Tout à l'euphorie de leur surprenante victoire, les néo-démocrates n'ont pas profité de leur congrès du week-end dernier pour moderniser leur parti.

Le préambule du NPD le décrit toujours comme socialiste, et une résolution engageant les délégués à opter plutôt pour la social-démocratie a été transmise, presque sans débat, à la direction pour études ultérieures... ce qui est une jolie façon d'enterrer la chose.

Le NPD est l'un des rares partis socialistes du monde démocratique à ne jamais avoir fait son «aggiornamento», quoiqu'il soit devenu, dans les faits, un parti social-démocrate.

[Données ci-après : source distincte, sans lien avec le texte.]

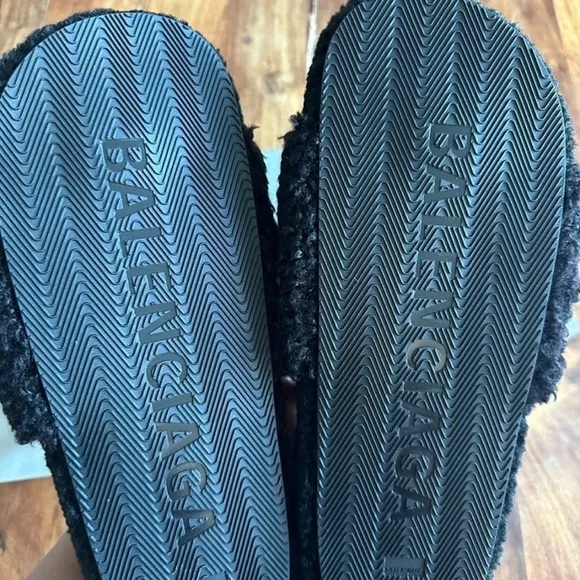 Balenciaga Men's Black Slides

Le NPD ne croit plus aux nationalisations, il accepte les règles du marché, il a cessé de considérer le profit comme un outil diabolique servant à écraser le peuple, il utilise rarement la terminologie incendiaire de la lutte des classes et il a mis la pédale douce sur son antiaméricanisme primaire. Bref, le NPD est, en réalité sinon en théorie, un parti social-démocrate. Pourquoi diable ne pas le dire clairement?

Ce n'est pas qu'une banale question de sémantique. Cette étiquette lui nuira auprès des électeurs centristes qu'il lui faudra attirer aux prochaines élections (le miracle québécois du 2 mai ne se répétera plus!). La marque «socialiste» risque également de tuer dans l'oeuf toute possibilité de fusion avec le Parti libéral, à supposer que cette idée, pour l'instant en veilleuse, remonte un jour à la surface.

Plus grave est l'attachement du parti à ses liens organiques avec le mouvement syndical. Jack Layton a écarté péremptoirement l'idée de prendre ses distances par rapport aux syndicats, et chez les militants, personne ne semblait enclin à rompre avec cette autre tradition. Une tradition, faut-il dire, qui remonte aux origines du parti, né il y a un demi-siècle d'une fusion du Congrès du travail du Canada et des coopératives agricoles des Prairies.

L'alliance entre le NPD et le mouvement syndical n'est pas simplement l'expression d'une sympathie mutuelle, comme c'est le cas au PQ, qui a toujours (quoiqu'avec des hauts et des bas) entretenu un «préjugé favorable» envers les syndicats. Il s'agit au contraire de liens organiques inscrits dans les structures mêmes du parti.

Le quart des délégués aux congrès néo-démocrates est composé de représentants des syndicats. Les orateurs-vedettes aux congrès sont, au même titre que les chefs des NPD provinciaux, les principales figures du mouvement syndical (dont cette année encore Ken Georgetti, le chef éternel du CTC).

Pour les campagnes électorales, les syndicats mettent leurs militants, leurs conseillers, leurs avocats, de même que leurs équipements logistiques, au service du NPD. Et le mouvement syndical a toujours été de très loin la principale source de financement du NPD, au mépris total de la démocratie syndicale (car ces largesses sont financées par les cotisations des membres de la base, qui ne sont pas tous néo-démocrates, tant s'en faut!).

La fontaine s'est tarie depuis la réforme de 2003 qui interdit aux personnes morales (aux syndicats autant qu'aux entreprises ou aux groupes de pression) de contribuer au financement des partis politiques, mais le NPD bénéficie toujours des contributions «en nature» (militants, services, etc.) du mouvement syndical.

Résultat: le NPD opte aveuglément pour la partie syndicale dans tous les conflits de travail. Son opposition farouche au libre-échange, dans les années 80-90, découlait directement du corporatisme syndical.

Jack Layton a d'ailleurs reconnu que le parti doit son récent succès à l'appui du mouvement syndical. Ce fut certainement le cas au Canada anglais, le reste pouvant être attribué à l'humeur fantasque des électeurs québécois.

Or, un parti qui veut former le prochain gouvernement peut-il être à la solde des syndicats? La question se pose.